Namun, dalam kesempatan tersebut hanya ada satu perkara yang disidangkan yakni perkara nomor 225/Pid.B/2021/PN.Jkt.Tim. Sedangkan persidangan dengan perkara nomor 221/Pid.B/2021/PN.Jkt.Tim dan perkara nomor 226/Pid.B/2021/PN.Jkt.Tim harus ditunda dan dijadwalkan ulang. Hal tersebut dikarenakan audio-visual dalam persidangan kurang bagus, sehingga Habib Rizieq meminta untuk hadir secara langsung di Pengadilan Negeri Jakarta Timur. Karena permintaannya ditolak oleh Majelis Hakim, Rizieq Shihab walk out dari persidangan. Hal ini diikuti oleh Tim kuasa hukum Rizieq Shihab yang juga menyatakan walk out dari persidangan. Suasana menjadi ricuh, lantaran para kuasa hukum berteriak-teriak dan menunjuk-nunjuk para Jaksa Penuntut Umum dan Majelis Hakim.[3] Persidangan tersebut kemudian ditunda dan dijadwalkan ulang pada Jumat, 19 Maret 2021.[4] Kemudian, pada hari Jum’at tanggal 19 Maret 2021 kemarin persidangan kembali digelar secara virtual untuk melanjutkan perkara sebelumnya. Dalam persidangan tersebut Terdakwa keberatan atas diselenggarakannya persidangan secara virtual dan bersikeras untuk hadir secara langsung di Pengadilan Negeri Jakarta Timur. Namun, hal tersebut ditolak oleh Majelis Hakim dengan alasan penerapan protokol kesehatan.[5] Atas keputusan tersebut, Terdakwa Habib Rizieq meminta maaf kepada Majelis Hakim dan menyatakan walk out dari persidangan. Walaupun demikian, Majelis Hakim memutuskan tetap melanjutkan persidangan dengan pembacaan dakwaan dalam kasus kerumunan Megamendung, Bogor.[6]

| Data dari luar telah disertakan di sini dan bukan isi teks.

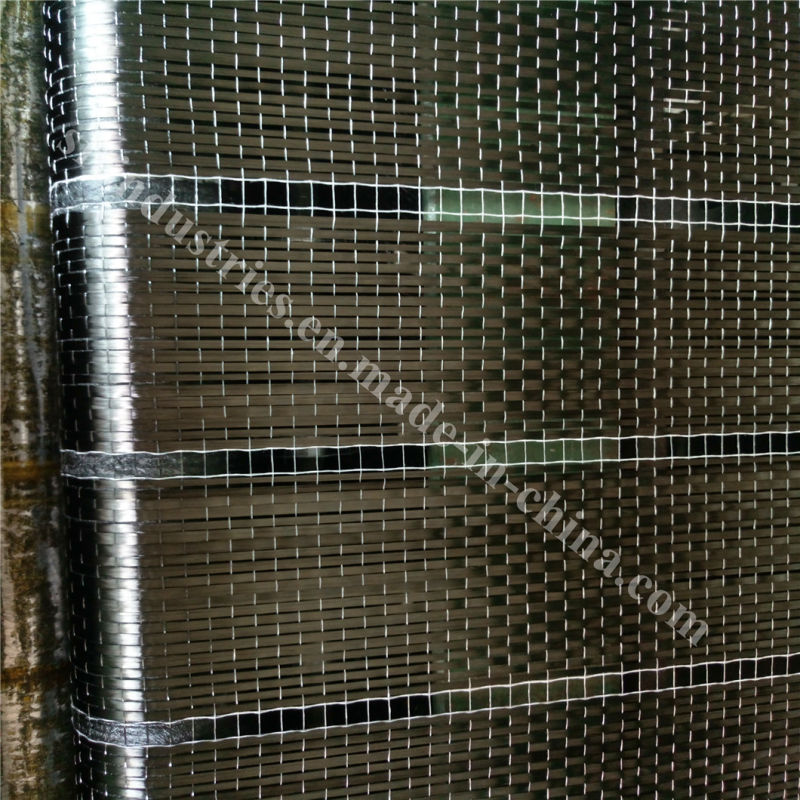 300GSM 20cm Width Customized Unidirectional Ud Carbon Fiber Fabric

Pada dasarnya dalam tata cara persidangan, dalam hal ini khususnya perkara pidana Hakim memiliki hak untuk memerintahkan supaya Terdakwa hadir dalam persidangan sebagaimana ketentuan dalam Pasal 154 ayat (1) Undang-Undang Nomor 8 Tahun 1981 tentang Hukum Acara Pidana (selanjutnya disebut KUHAP) yang menyatakan sebagai berikut :
“Hakim ketua sidang memerintahkan supaya terdakwa dipanggil masuk dan jika ia dalam tahanan, ia dihadapkan dalam keadaan bebas”
Apabila dalam pemeriksaan perkara, terdakwa tidak di tahan, maka harus dilakukan pemanggilan secara sah untuk menghadiri persidangan. Namun, apabila dalam pemeriksaan perkara terdakwa yang tidak ditahan tidak hadir pada sidang yang telah ditetapkan, Hakim Ketua sidang meneliti apakah terdakwa sudah dipanggil secara sah sebagaimana ketentuan dalam Pasal 154 ayat (2) KUHAP. Jika terdakwa dipanggil secara tidak sah, Hakim Ketua sidang menunda persidangan dan memerintahkan supaya terdakwa dipanggil lagi untuk hadir pada hari sidang berikutnya sebagaimana ketentuan dalam Pasal 154 ayat (3) KUHAP. Kemudian, jika terdakwa ternyata telah dipanggil secara sah tetapi tidak datang di sidang tanpa alasan yang sah, pemeriksaan perkara tersebut tidak dapat dilangsungkan dan Hakim Ketua sidang memerintahkan agar terdakwa dipanggil sekali lagi sebagaimana ketentuan dalam Pasal 154 ayat (4) KUHAP. Apabila setelah dipanggil secara sah untuk kedua kalinya, terdakwa tetap tidak hadir tanpa alasan yang sah, maka berdasarkan ketentuan dalam Pasal 154 ayat (6) KUHAP Hakim Ketua sidang memerintahkan agar terdakwa dihadirkan dengan paksa pada sidang pertama berikutnya. Namun, dalam KUHAP tidak ditemukan penjelasan secara eksplisit ketentuan mengenai akibat hukum jika terdakwa meninggalkan persidangan sebagaimana yang terjadi dalam kasus Habib Rizieq. Menurut Pakar hukum pidana dari Universitas Indonesia Indriyanto Seno Adji menilai, langkah walk out yang dilakukan oleh Habib Rizieq merupakan bentuk menghalangi proses hukum atau obstruction of justice.[7] Hal tersebut juga dianggap merugikan Habib Rizieq karena ia akan kehilangan kesempatan untuk membela dirinya.[8]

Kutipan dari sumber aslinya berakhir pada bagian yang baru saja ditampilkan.